On Pro Football
SCOTTSDALE, Ariz. — The scout at the 1996 NFL Combine showed little tact and less football savvy.
"He told me to starting thinking about different line of work," said New England Patriots linebacker and special teams captain Larry Izzo of the first door to slam in his face as a pro.
Predictably, Izzo kicked that one in. The undersized but huge-hearted Patriot has been tackling obstacles and opponents in the NFL nearly every day since.
Now 33, with 12 seasons, three Pro Bowl appearances and three Super Bowl rings to his name, Izzo remains a stalwart on the NFL's best team. He and the unbeaten 2007 Patriots are ready to make their permanent mark in history at Super Bowl XLII at University of Phoenix Stadium tomorrow night.
"People might perceive me as an overachiever," said Izzo, who played five seasons in Miami before coming to the Patriots as a free agent in 2001.
"I feel very good about my abilities on the field. (Despite what the scout said), I've been given an opportunity to play the game I love. I just take every game, every play like it's my last. Everything I have is put into that play, then you move on to the next."

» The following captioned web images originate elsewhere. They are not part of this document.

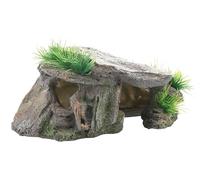 Wyvix 2 Cuevas y escondites for Acuario, Rocas Pesadas realistas for peceras con Pendiente de Plataforma for Tomar el Sol, Cueva inerte for Ocultar Reptiles for decoración en Esquina(B)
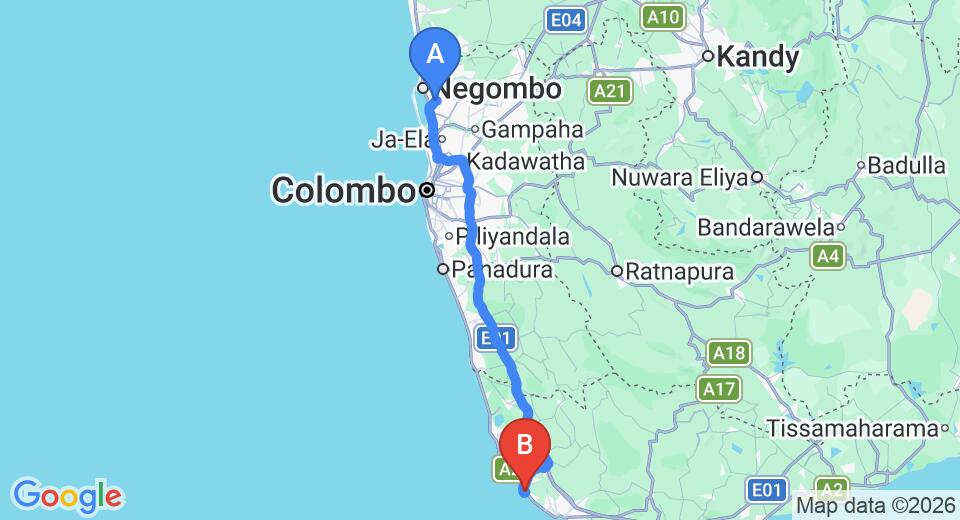 Transfer between Colombo Airport (CMB) and Eco Village, Dodanduwa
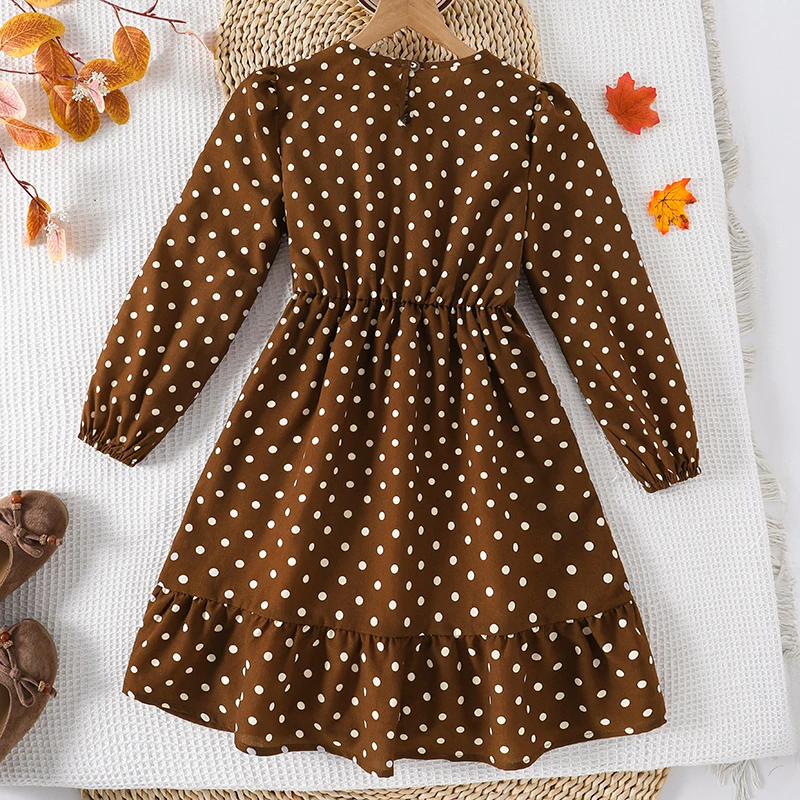 Teen Girls Retro Dot Print Casual Dress, Crew Neck Back Zip Lantern Sleeve Gathered Waist Swing Midi Dress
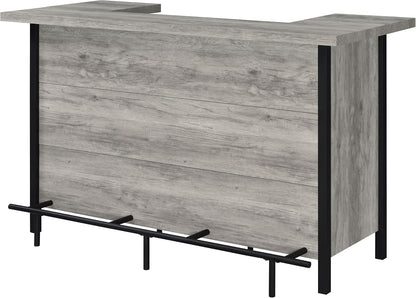 Coaster Home Furnishings - Bellemore - Wood & Metal - Bar Cabinet with Bottle Rack and Stemware Racks with Open Storage - Dining Room & Home Bar - Gray Driftwood - 182105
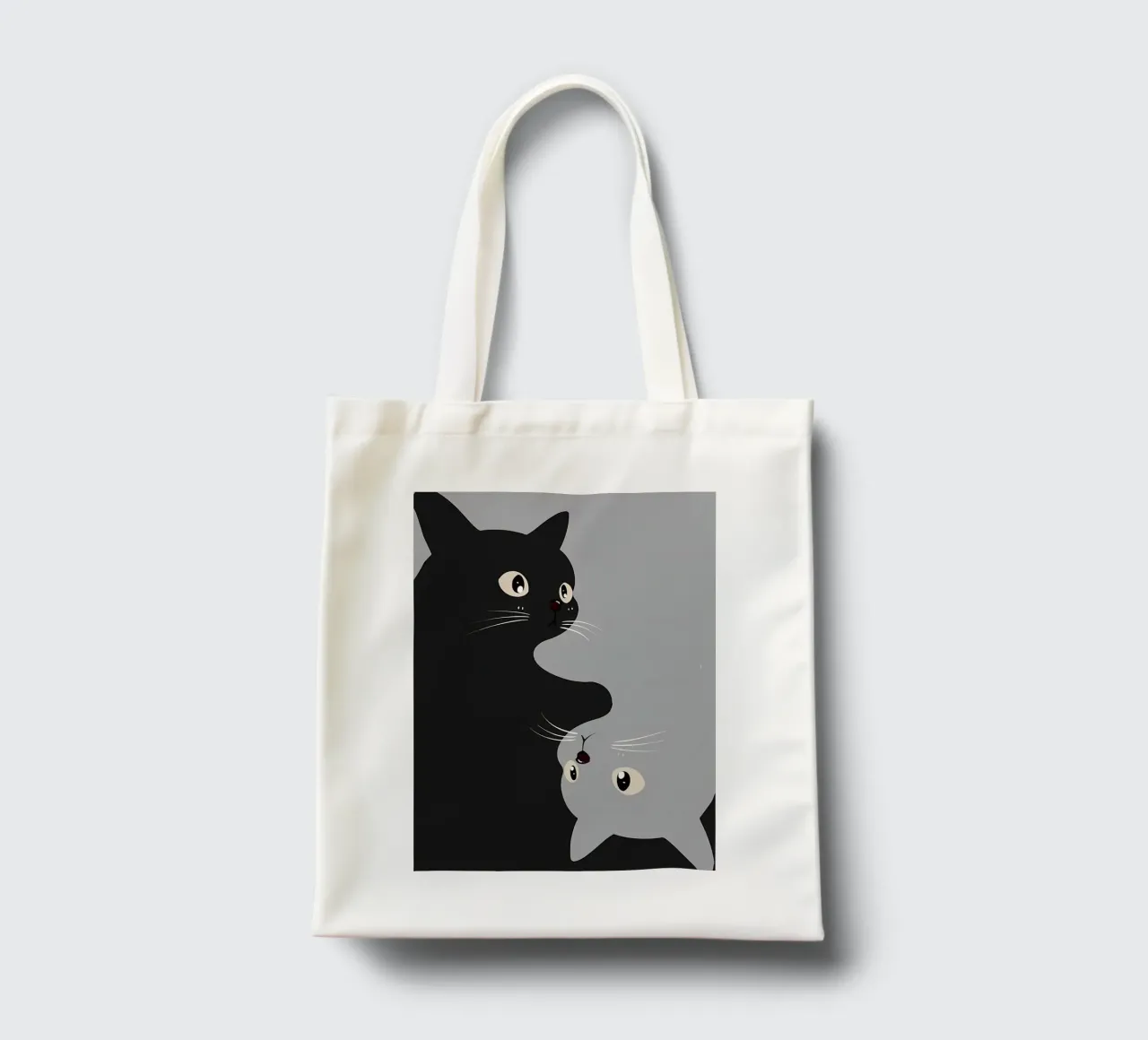 black cat gray cat eyes whiskers nose ears tails smiling cat tote bag by Ashish Kashyap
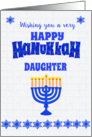 For Daughter Hanukkah Greetings with Menorah and Stars of David card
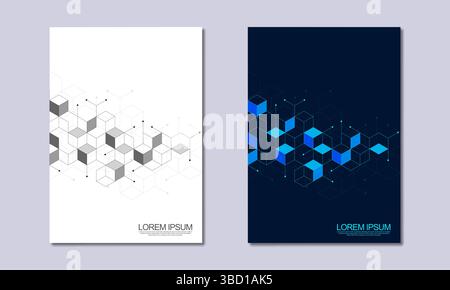 Abstract geometric covers and brochures with isometric vector blocks, polygon shape pattern Stock Vector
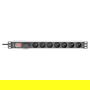 Digitus PDU 1U 7xCEE7/5 Negro Regleta conmutada 7 salidas 230V/16A Montaje en Rack Horizontal Aluminio Plástico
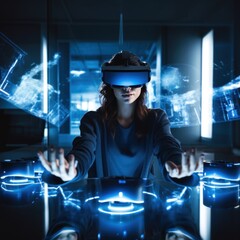 a woman wearing a virtual reality headset sitting at a table. generative ai image.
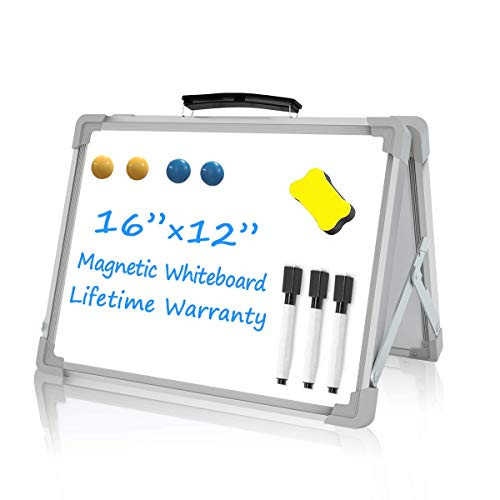 Small Dry Erase White Board 16X12Inches Portable Double-Sided Magnetic Whiteboard Foldable Desktop Board Easel for KidsandHome Classroom Office-White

Cracking the NFL mold (Izzo's still considered too small at 5-10, 228 pounds) remains par for his free-spirited course.
Off the field, he's traveled to Kuwait and Iraq in support of the troops, made trips to Walter Reed Hospital to visit the wounded, spends time helping feed the poor and volunteers for the Special Olympics. His "Larry-oke" event in Boston has raised more than $400,000 for soldier's families in just two years.
On the field, Izzo has crafted the techniques in the kicking game, an art form he calls "organized chaos." His skills were worthy of Bill Belichick's eye back in '01 when the Patriots franchise, coming off a 5-11 season, was in desperate need of competent players.